[Saved entries]

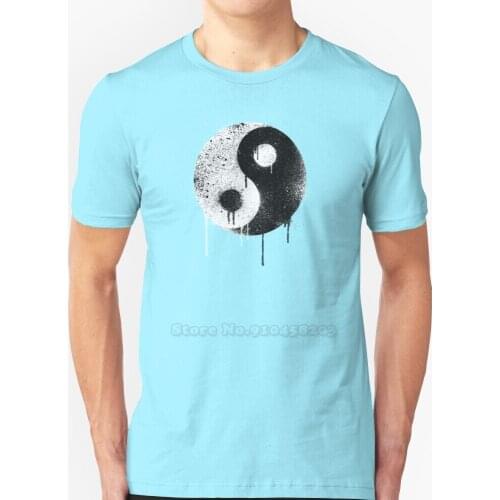 Yin Yang Spray Painted New Trend T-Shirt Men Summer High Quality Cotton T-Shirt Tops Balance Graffiti Revolution R Evolution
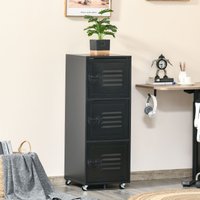 HOMCOM Rolling Storage Cabinet 3-Tier Mobile File Cabinet with Wheels in Black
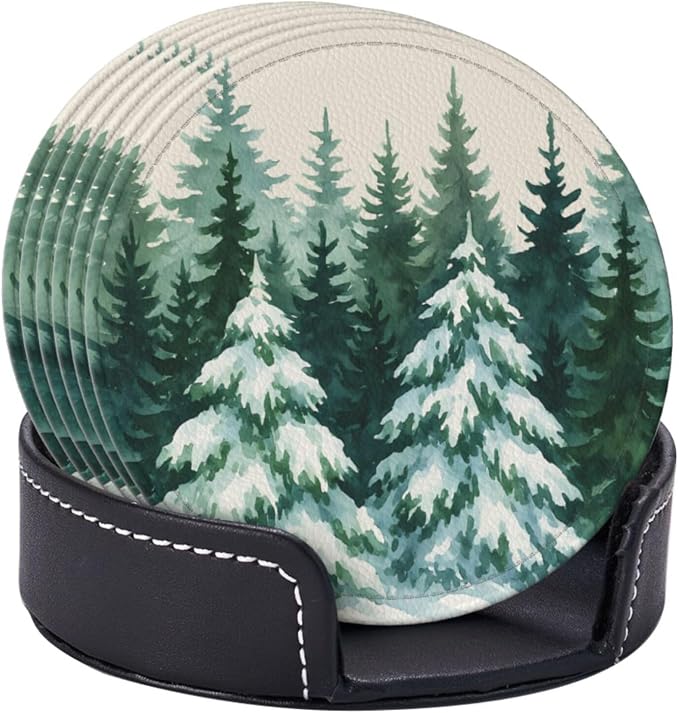 Winter Snow Scene Forest Green Christmas Tree Coasters - Image 2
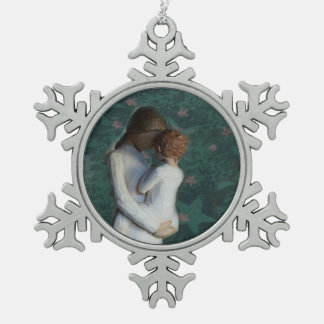 Mother and Son Pewter Snowflake Ornament
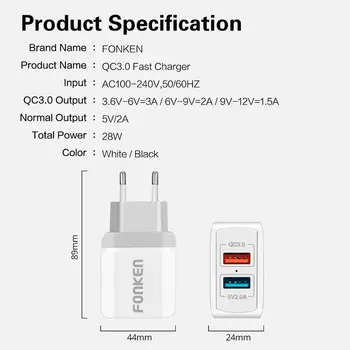 FONKEN Hurtig Opladning 3.0 2 Port 28W QC3.0 Dual USB Oplader til Bærbare Travel Adapter, for Xiaomi Samsung Mobiltelefon-Oplader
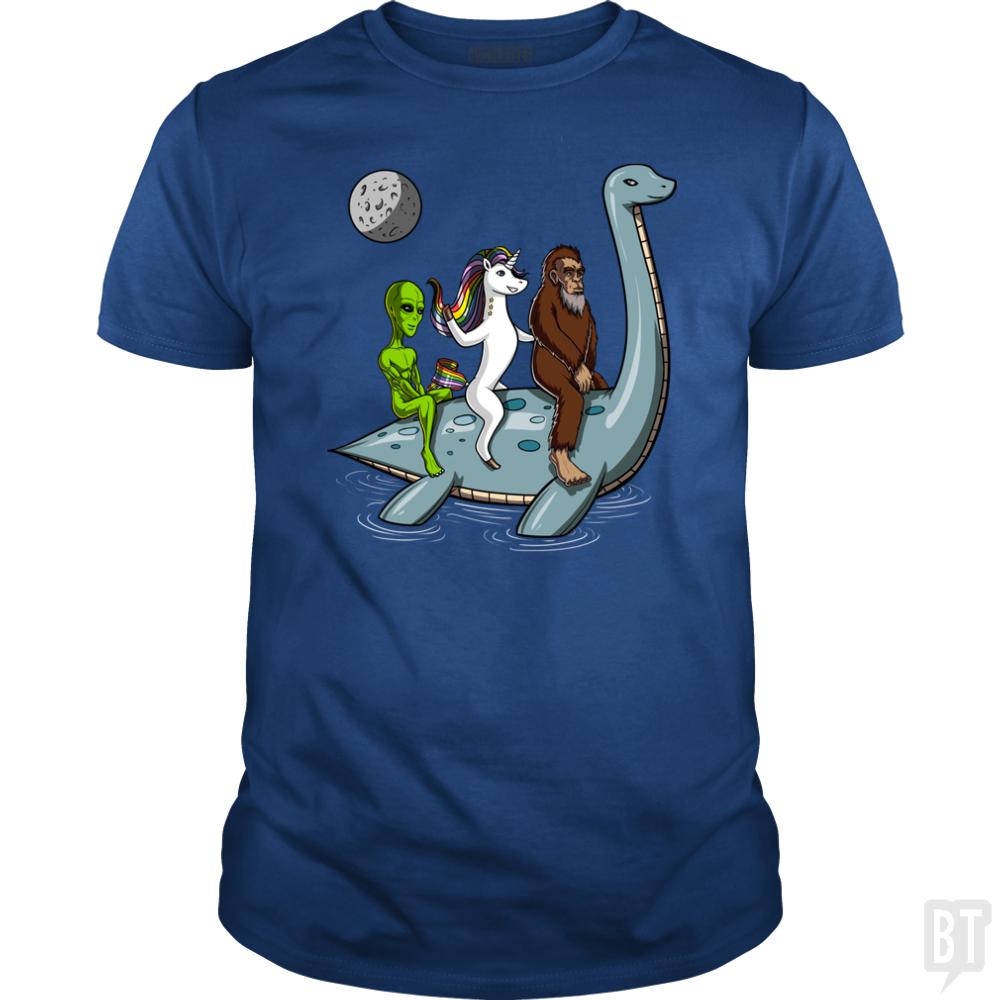 Alien Unicorn Bigfoot Ridding Loch Ness - BustedTees.com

Task to carry out: All preceding records should be duplicated verbatim, images excepted.

Reply:
 Yin Yang Spray Painted New Trend T-Shirt Men Summer High Quality Cotton T-Shirt Tops Balance Graffiti Revolution R Evolution
 HOMCOM Rolling Storage Cabinet 3-Tier Mobile File Cabinet with Wheels in Black
 Winter Snow Scene Forest Green Christmas Tree Coasters - Image 2
 Mother and Son Pewter Snowflake Ornament
 FONKEN Hurtig Opladning 3.0 2 Port 28W QC3.0 Dual USB Oplader til Bærbare Travel Adapter, for Xiaomi Samsung Mobiltelefon-Oplader
 Alien Unicorn Bigfoot Ridding Loch Ness - BustedTees.com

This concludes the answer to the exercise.